It may be difficult to imagine now, but exactly 12 years and seven days ago in August of 2008, millions of people (approximately 3.7 million to be exact) were up late and eagerly counting down the seconds until midnight. Why? Because at 12:00 AM author Stephanie Meyer would release the fourth and final book in the Twilight series: Breaking Dawn.
The Twilight books have recently re-entered public consciousness as the subject of multiple satirical memes, Tweets, and videos made to highlight the absurdity of some of the series’ more bizarre aspects. Meyer’s decision to include disturbing and occasionally abusive practices under the guise of romantic gestures, a character who formerly served as a confederate soldier, and a plot point hinging on an adult man’s predestination to marry a child has many former Twihards wondering what could have possibly drawn them to the books in the first place.
It is not at all uncommon for the examination of former adolescent passions to result in feelings of embarrassment. Most people can think of at least one thing they were obsessed with growing up that now only carries nostalgic appeal—and for many the subject of interest was a literary universe. If you were an avid reader as a kid, books like Harry Potter, Percy Jackson, The Hunger Games (and yes, Twilight), may have at one point felt like the most important thing in the world; stories you would never not be completely engulfed in.

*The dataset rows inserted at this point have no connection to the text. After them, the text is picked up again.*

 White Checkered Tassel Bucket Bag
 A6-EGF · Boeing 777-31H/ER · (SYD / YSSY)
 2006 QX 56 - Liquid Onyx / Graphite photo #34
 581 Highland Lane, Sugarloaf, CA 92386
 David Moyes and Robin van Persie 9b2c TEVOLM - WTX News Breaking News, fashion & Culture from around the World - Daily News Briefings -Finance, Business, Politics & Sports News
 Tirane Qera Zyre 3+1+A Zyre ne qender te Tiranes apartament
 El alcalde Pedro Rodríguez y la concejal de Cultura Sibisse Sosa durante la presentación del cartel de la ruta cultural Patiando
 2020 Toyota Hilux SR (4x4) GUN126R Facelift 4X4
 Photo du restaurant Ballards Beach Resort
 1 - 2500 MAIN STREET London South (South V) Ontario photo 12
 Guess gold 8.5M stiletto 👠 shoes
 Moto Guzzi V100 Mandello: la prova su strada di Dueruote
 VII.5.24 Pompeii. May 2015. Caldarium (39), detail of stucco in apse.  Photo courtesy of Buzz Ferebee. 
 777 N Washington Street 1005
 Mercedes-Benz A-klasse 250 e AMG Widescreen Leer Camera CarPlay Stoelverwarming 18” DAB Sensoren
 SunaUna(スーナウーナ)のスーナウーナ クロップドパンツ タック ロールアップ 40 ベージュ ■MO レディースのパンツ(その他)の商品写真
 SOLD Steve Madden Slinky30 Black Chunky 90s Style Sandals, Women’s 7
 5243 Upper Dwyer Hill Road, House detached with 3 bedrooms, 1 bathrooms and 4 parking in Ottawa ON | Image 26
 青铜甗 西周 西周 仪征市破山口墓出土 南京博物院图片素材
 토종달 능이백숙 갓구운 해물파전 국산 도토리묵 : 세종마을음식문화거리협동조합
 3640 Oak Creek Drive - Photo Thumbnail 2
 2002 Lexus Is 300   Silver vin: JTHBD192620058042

Of course, with education and experience we begin to see the problems with these stories that we may not have noticed before—those that are usually a result of the author’s own biases and prejudices. However, instead of distancing ourselves from these books’ impact by labeling our adolescent interests as “stupid” or “embarassing,” we can perhaps use them more as a means of measurement. Being able to change how you engage with the stories you used to love is a positive thing, because it means your capacity for empathy and critical thinking has grown. Simply put, your love of Twilight can be a mile marker along your journey as a reader rather than a humiliating wrong turn.